And that, when you come right down to it, is the logic of the police state.
Due Process Plus
It’s no mystery why so few police officers are investigated and prosecuted for using excessive force and violating someone’s rights. “Local prosecutors rely on local police departments to gather the evidence and testimony they need to successfully prosecute criminals,” according to Campaign Zero . “This makes it hard for them to investigate and prosecute the same police officers in cases of police violence.”
Since 2005, according to an analysis by the Washington Post and Bowling Green State University, only 54 officers have been prosecuted nationwide, despite the thousands of fatal shootings by police. As Philip M. Stinson, a criminologist at Bowling Green, puts it, “To charge an officer in a fatal shooting, it takes something so egregious, so over the top that it cannot be explained in any rational way. It also has to be a case that prosecutors are willing to hang their reputation on.”
For many in law enforcement, however, none of this should concern any of us. When New York Governor Andrew Cuomo signed an executive order appointing a special prosecutor to investigate police killings, for instance, Patrick Lynch, president of the Patrolmen’s Benevolent Association, insisted: “Given the many levels of oversight that already exist, both internally in the NYPD [New York Police Department] and externally in many forms, the appointment of a special prosecutor is unnecessary.” Even before Cuomo’s decision, the chairman of New York’s District Attorneys Association called plans to appoint a special prosecutor for police killings “deeply insulting.”

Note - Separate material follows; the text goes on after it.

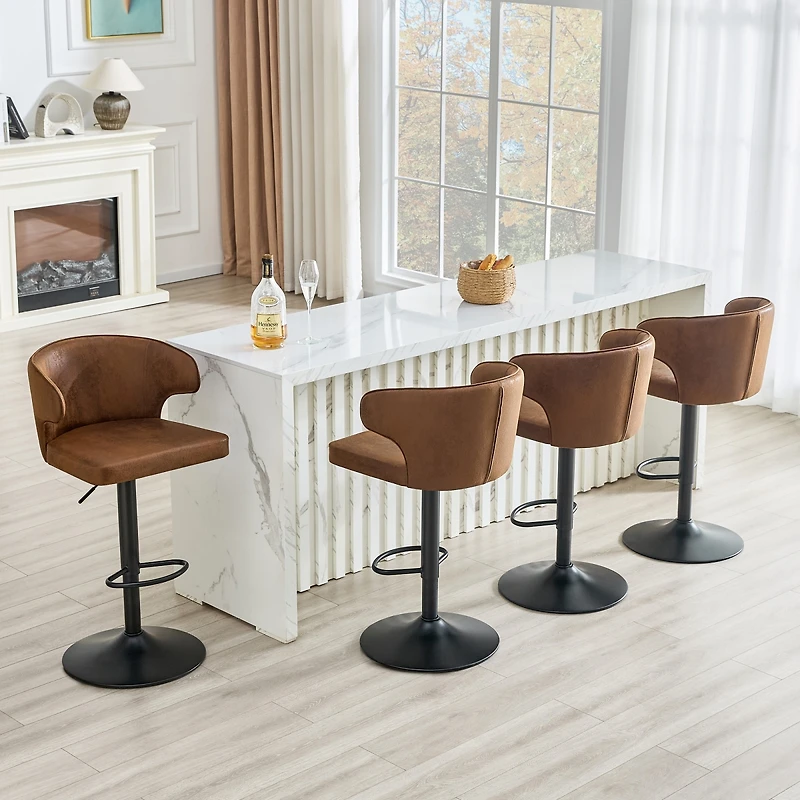 Streamdale Furniture Adjustable Swivel Suede Bar Chairs with Backrest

Such pushback against the very idea of independently investigating police actions has, post-Ferguson, become everyday fare, and some law enforcement leaders have staked out a position significantly beyond that. The police, they clearly believe, should get special treatment.
“By virtue of our dangerous vocation, we should expect to receive the benefit of the doubt in controversial incidents,” wrote Ed Mullins, the president of New York City’s Sergeants Benevolent Association, in the organization’s magazine, Frontline. As if to drive home the point, its cover depicts Baltimore State Attorney Marilyn Mosby under the ominous headline “The Wolf That Lurks.” In May, Mosby had announced indictments of six officers in the case of Freddie Gray, who died in Baltimore police custody the previous month. The message being sent to a prosecutor willing to indict cops was hardly subtle: you’re a traitor.

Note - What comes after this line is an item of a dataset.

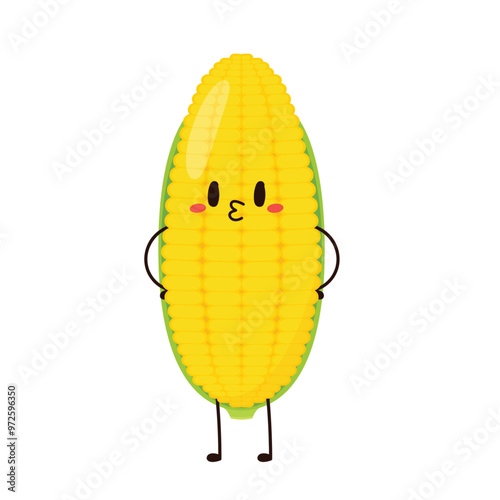 Corn cartoon vector. Cute vegetable vector character isolated on white. Corn mascot.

Mullins put forward a legal standard for officers accused of wrongdoing that he would never support for the average citizen — and in a situation in which cops already get what former federal prosecutor Laurie Levenson calls “a super presumption of innocence.” In addition, police unions in many states have aggressively pushed for their own bills of rights, which make it nearly impossible for police officers to be fired, much less charged with crimes when they violate an individual’s civil rights and liberties.

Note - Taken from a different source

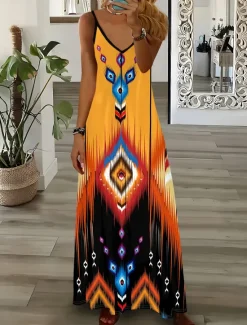 Women's Maxi Dress Casual Dress A Line Dress Slip Dress Bohemia Vacation Vintage Vacation Daily Regular Fit Geometric Sleeveless V Neck Summer Women Sundresses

In 14 states, versions of a Law Enforcement Officers’ Bill of Rights (LEOBR) have already been passed, while in 11 others they are under consideration. These provide an “extra layer of due process” in cases of alleged police misconduct, according to Samuel Walker, an expert on police accountability. In many of the states without a LEOBR, the Marshall Project has discovered, police unions have directly negotiated the same rights and privileges with state governments.
LEOBRs are, in fact, amazingly un-American documents in the protections they afford officers accused of misconduct during internal investigations, rights that those officers are never required to extend to their suspects. Though the specific language of these laws varies from state to state, notes Mike Riggs in Reason, they are remarkably similar in their special considerations for the police.
“Unlike a member of the public, the officer gets a ‘cooling off’ period before he has to respond to any questions. Unlike a member of the public, the officer under investigation is privy to the names of his complainants and their testimony against him before he is ever interrogated. Unlike a member of the public, the officer under investigation is to be interrogated ‘at a reasonable hour,’ with a union member present. Unlike a member of the public, the officer can only be questioned by one person during his interrogation. Unlike a member of the public, the officer can be interrogated only ‘for reasonable periods,’ which ‘shall be timed to allow for such personal necessities and rest periods as are reasonably necessary.’ Unlike a member of the public, the officer under investigation cannot be ‘threatened with disciplinary action’ at any point during his interrogation. If he is threatened with punishment, whatever he says following the threat cannot be used against him.”
The Marshall Project refers to these laws as the “Blue Shield” and “the original Bill of Rights with an upgrade.’’ Police associations, naturally, don’t agree. “All this does is provide a very basic level of constitutional protections for our officers, so that they can make statements that will stand up later in court,” says Vince Canales, the president of Maryland’s Fraternal Order of Police.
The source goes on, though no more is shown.